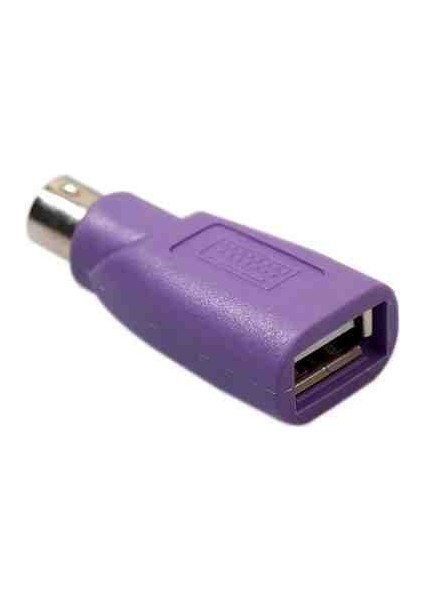 1 Adet USB Dişi Ps/2 Bilgisayar Mouse Klavye Dönüştürücü Mor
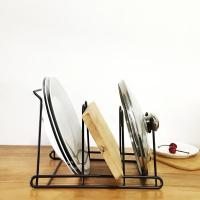 锅盖架平底锅架放锅多功能架厨房置物架收纳层架创意锅架盘架 一体锅盖盘砧板架(黑/白色随机发)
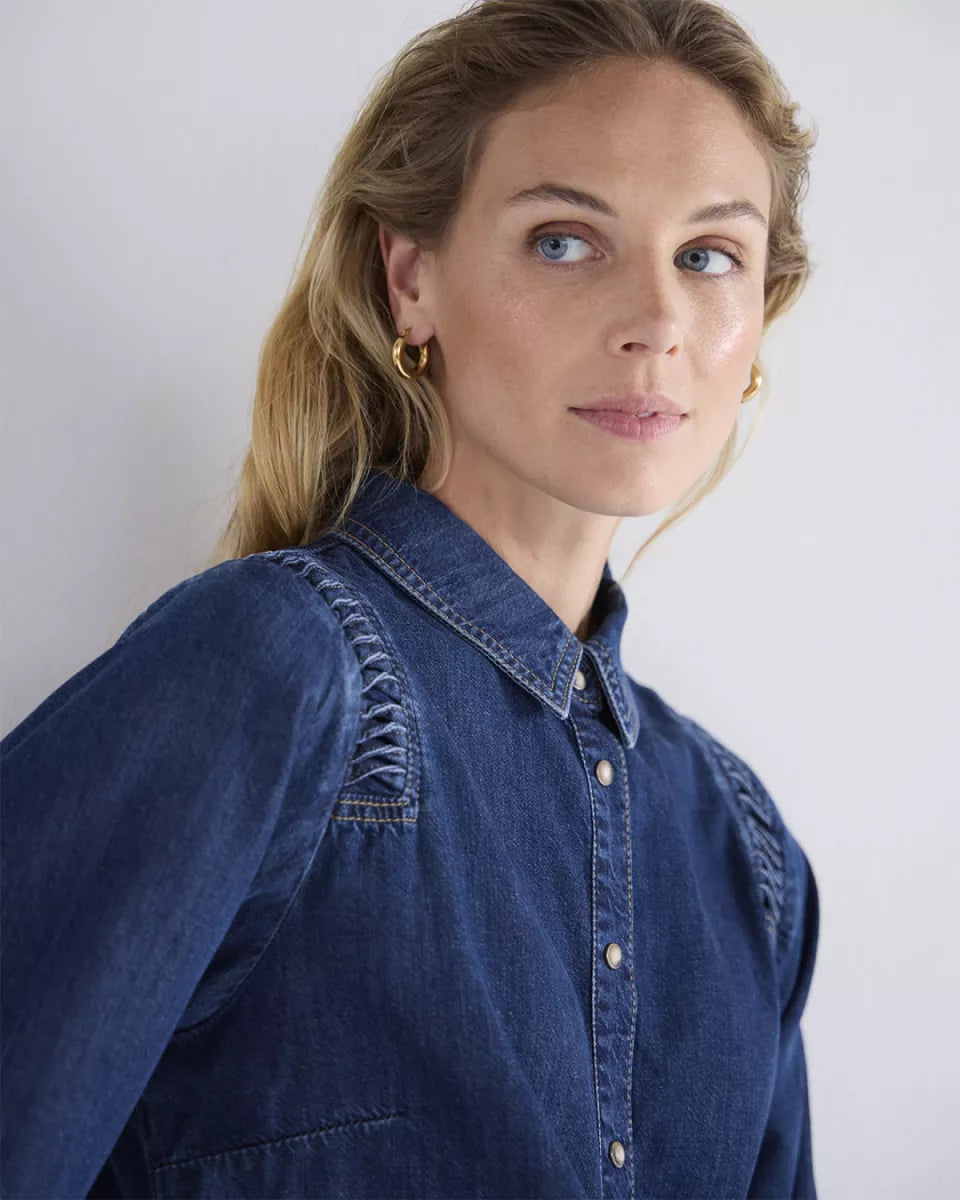 SUMMUM Denim blouse lightweight cotton tencel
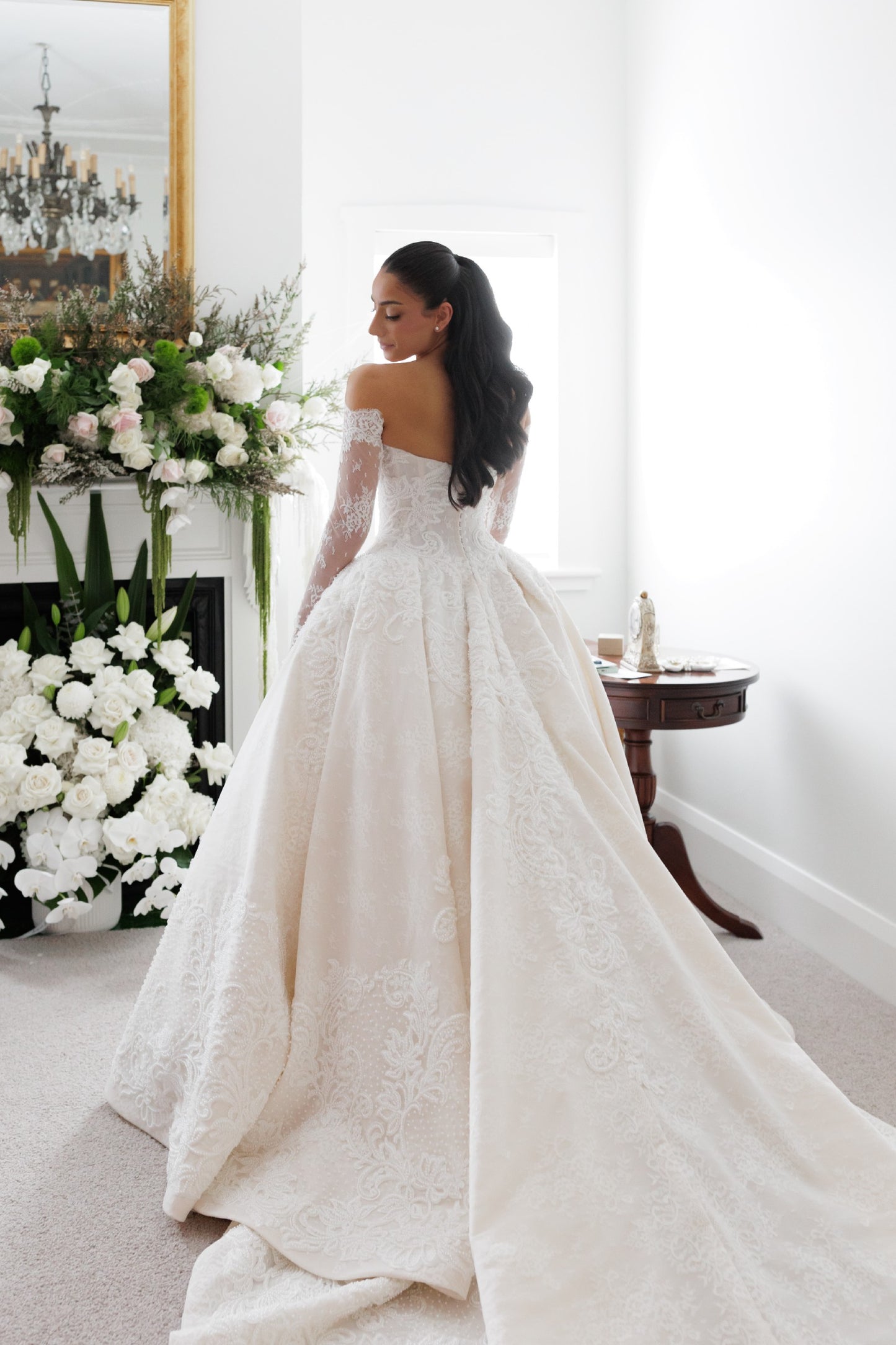 C2025-YM05 - off the shoulder pearl beaded lace wedding gown
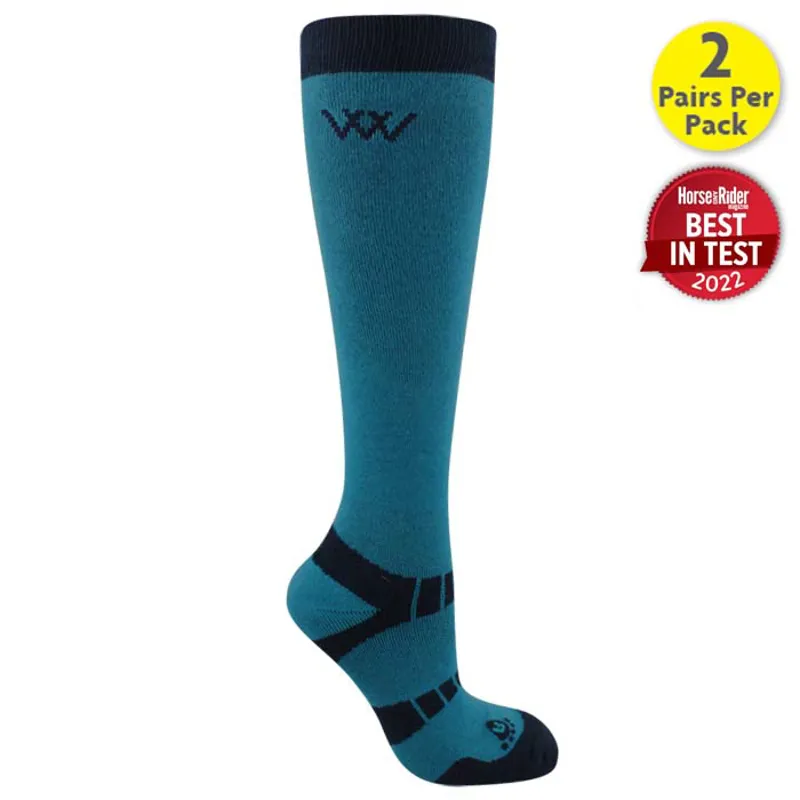 Woof Wear Long Bamboo Waffle Riding Socks - Ocean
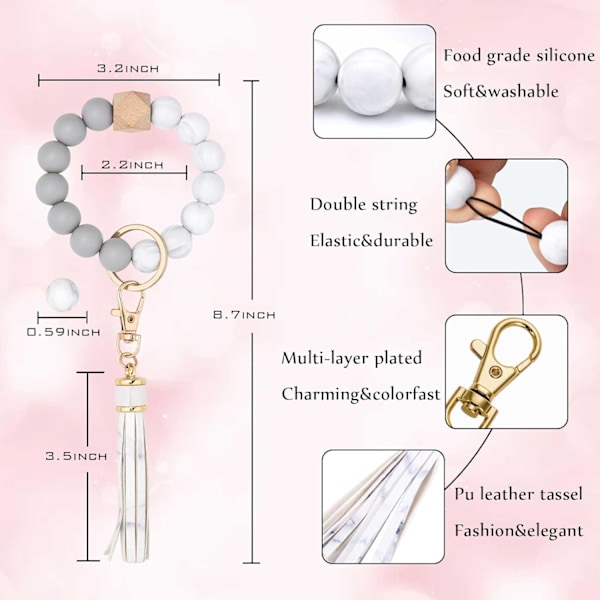 Silikonperle Armbånd Nøglering Håndledsrem Nøglering Bangle Kæder til Kvinder med Læder Kvast Marble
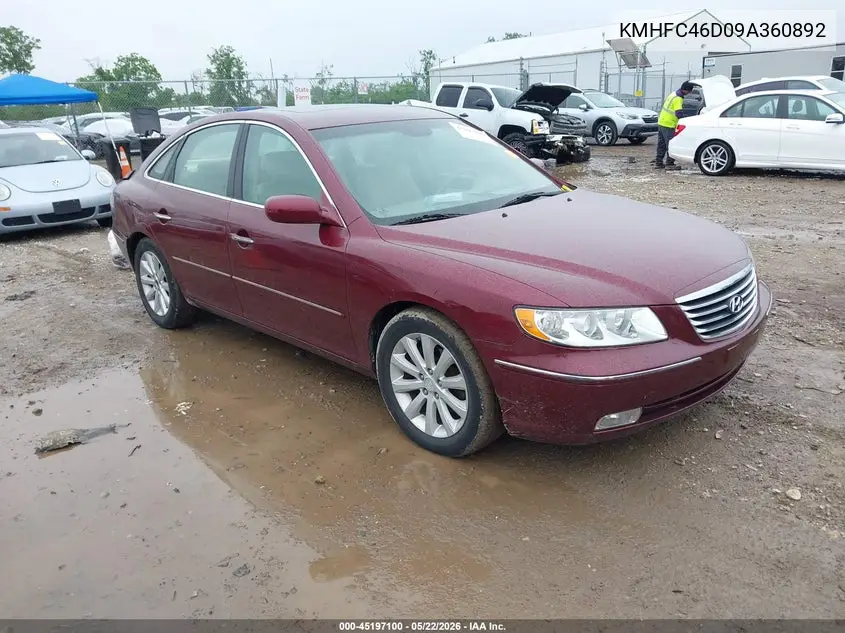 2009 Hyundai Azera Gls VIN: KMHFC46D09A360892 Lot: 45197100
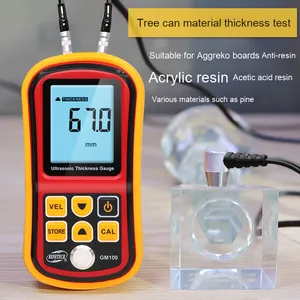Jauge d'épaisseur numérique Portable GM100 testeur de plaque d'<span class=keywords><strong>acier</strong></span> métallique à ultrasons plastique ABS mesures en déplacement - Product Image 2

▶ **Work request**
Set every record down exactly, omitting pictures.

▶ **Response**
 1 Adet USB Dişi Ps/2 Bilgisayar Mouse Klavye Dönüştürücü Mor
 锅盖架平底锅架放锅多功能架厨房置物架收纳层架创意锅架盘架 一体锅盖盘砧板架(黑/白色随机发)
 SUMMUM Denim blouse lightweight cotton tencel
 C2025-YM05 - off the shoulder pearl beaded lace wedding gown
 Woof Wear Long Bamboo Waffle Riding Socks - Ocean
 Silikonperle Armbånd Nøglering Håndledsrem Nøglering Bangle Kæder til Kvinder med Læder Kvast Marble
 2009 Hyundai Azera Gls VIN: KMHFC46D09A360892 Lot: 45197100
Jauge d'épaisseur numérique Portable GM100 testeur de plaque d'<span class=keywords><strong>acier</strong></span> métallique à ultrasons plastique ABS mesures en déplacement - Product Image 2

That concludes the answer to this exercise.